Para explorar esa perspectiva, se pueden proponer tres grandes dimensiones contextuales del momento actual de las universidades: la política, la económica y la cultural. Se trata de tres conjuntos de factores que configuran la peculiar complejidad coyuntural de la educación superior mexicana. Su hechura se remonta al pasado reciente de las relaciones entre el Estado y las universidades, pero su fuerza (entendida como una difusa colección de restricciones, incertidumbres y condicionamientos) es particularmente visible en el ultimo año.
Con respecto de la primera, el núcleo comprensivo mayor es el ascenso del neo-populismo como la expresión más potente de la crisis de representación política que caracteriza los cuestionamientos a las democracias.

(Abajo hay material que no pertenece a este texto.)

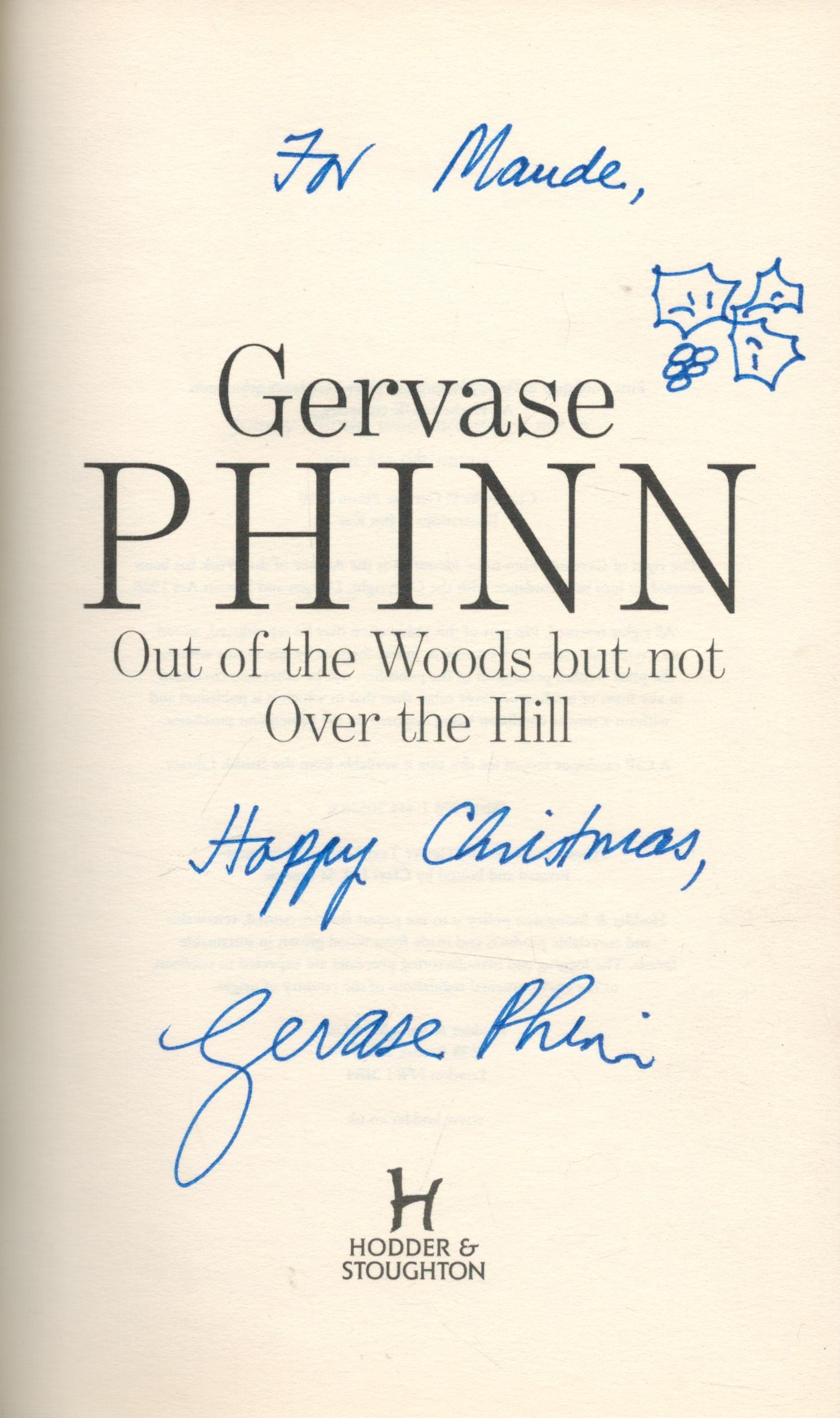Gervase Phinn Signed Book Out of The Woods but Not Over The Hill by Gervase Phinn 2010 First Edition - Image 2 of 3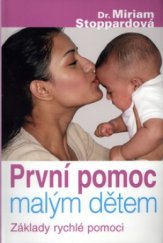 kniha První pomoc malým dětem, Slovart 2005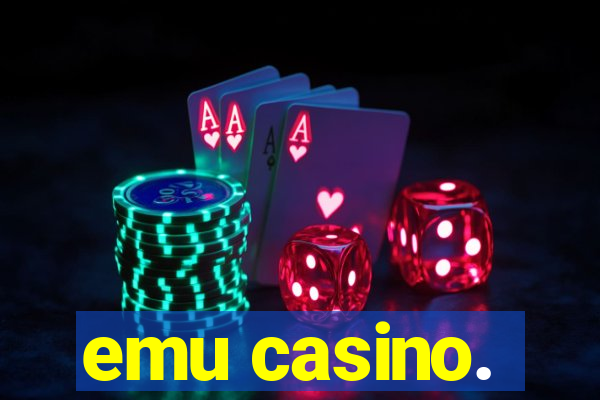 emu casino.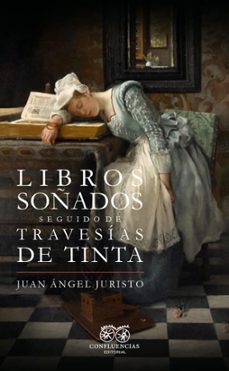 libros soñados seguido de travesias de tinta-juan angel juristo-9788412818444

Esta crisis es una mezcla de efectos directos y daños colaterales sobre el papel y las funciones de la universidad en la vida social y pública. El lopezobradorismo es la expresión local de un fenómeno que recorre la espina dorsal de las democracias representativas contemporáneas. En democracias emergentes como la mexicana, el neopopulismo es la expresión política de la crisis de los partidos tradicionales (PAN, PRI, PRD) como vehículos de legitimación y representación de los intereses de los ciudadanos.
Esa dimensión política del contexto es fundamental para entender los códigos del poder que concentra y ejerce la figura presidencial. El hipopresidencialismo que conocimos en los años de la alternancia política (2000, 2006, 2012), ha cedido el paso a un hiperpresidencialismo al cual la figura de la autonomía de las instituciones o los equilibrios entre los poderes republicanos, suelen ser sutituidos por los llamados al pueblo, las votaciones a mano alzada, las consultas a quemarropa, la discrecionalidad personal como brújula de las decisiones. Los enunciados de universalización de la educación superior a través del libre acceso a la misma, son los mascarones de proa de un proyecto que no ofrece un mapa de ruta consistente de los cómo, los cuándo y bajo qué condiciones se pretende llegar a las metas presidenciales.
En el ámbito económico, la confirmación de un ciclo largo de estancamiento explica las dificultades del financiamiento público a las universidades. Pero el otro problema es que las universidades públicas que no pertenecen al flamante “Sistema Benito Juárez García” tampoco figuran en la agenda gubernamental como prioridad política y presupuestaria. El “Fondo Nacional para la Educación Superior” que se incluyó como artículo transitorio en la reforma al artículo tercero constitucional, como mecanismo para apoyar el propósito de universalización de la educación superior, aún aguarda por decisiones financieras concretas, sostenidas y perdurables para los próximos años. En una economía que no crece, la distribución de los recursos es finita, insostenible e impredecible. Desde la última gran crisis del 2008, los recursos públicos hacia las universidades han fluido de manera escasa y errática por las mismas vías que se conocen desde los años del salinismo: programas extraordinarios asociados a fondos no acumulables, competitivos y diferenciados, distribuidos entre todas las universidades públicas (principalmente las estatales), y ligados al cumplimiento de metas específicas.
Finalmente, en la dimensión cultural el contexto está caracerizado por la crisis de legitimidad de la autonomía universitaria, en la cual las creencias políticas y las representaciones sociales universitarias se encuentran diluídas en un territorio cruzado por diversas perspectivas e intereses. Si se mira con cuidado, lo que tenemos en el último año es una tensión constante entre dos tipos de legitimidades en el campo universitario. De un lado, la legitimidad democrática de origen de un gobierno para intervenir directamente en la reforma de las relaciones entre el Estado y las universidades públicas. Del otro, la legitimidad social de las universidades para defender la autonomía institucional, intelectual, científica y académica de sus funciones.
Luego de un año de tensiones entre el nuevo gobierno y las viejas universidades, es posible advertir el peso aplastante del contexto en la compleja configuración de esos ensamblajes conflictivos. Neopopulismo, estancamiento económico prolongado, y disputa entre legitimidades de origen y significados distintos, forman parte de los rasgos principales del entorno mexicano que se ha formado a fuego intenso en los tiempos del obradorismo. Por sus efectos e implicaciones en las universidades, ese contexto aparece como un poder que “progresivamente degenera en la inexplicable forma de una concatenación que aproximadamente podemos llamar mafiosa”, como escribió Sciascia en su clásica novela sobre un crimen imaginario en un país que no existe.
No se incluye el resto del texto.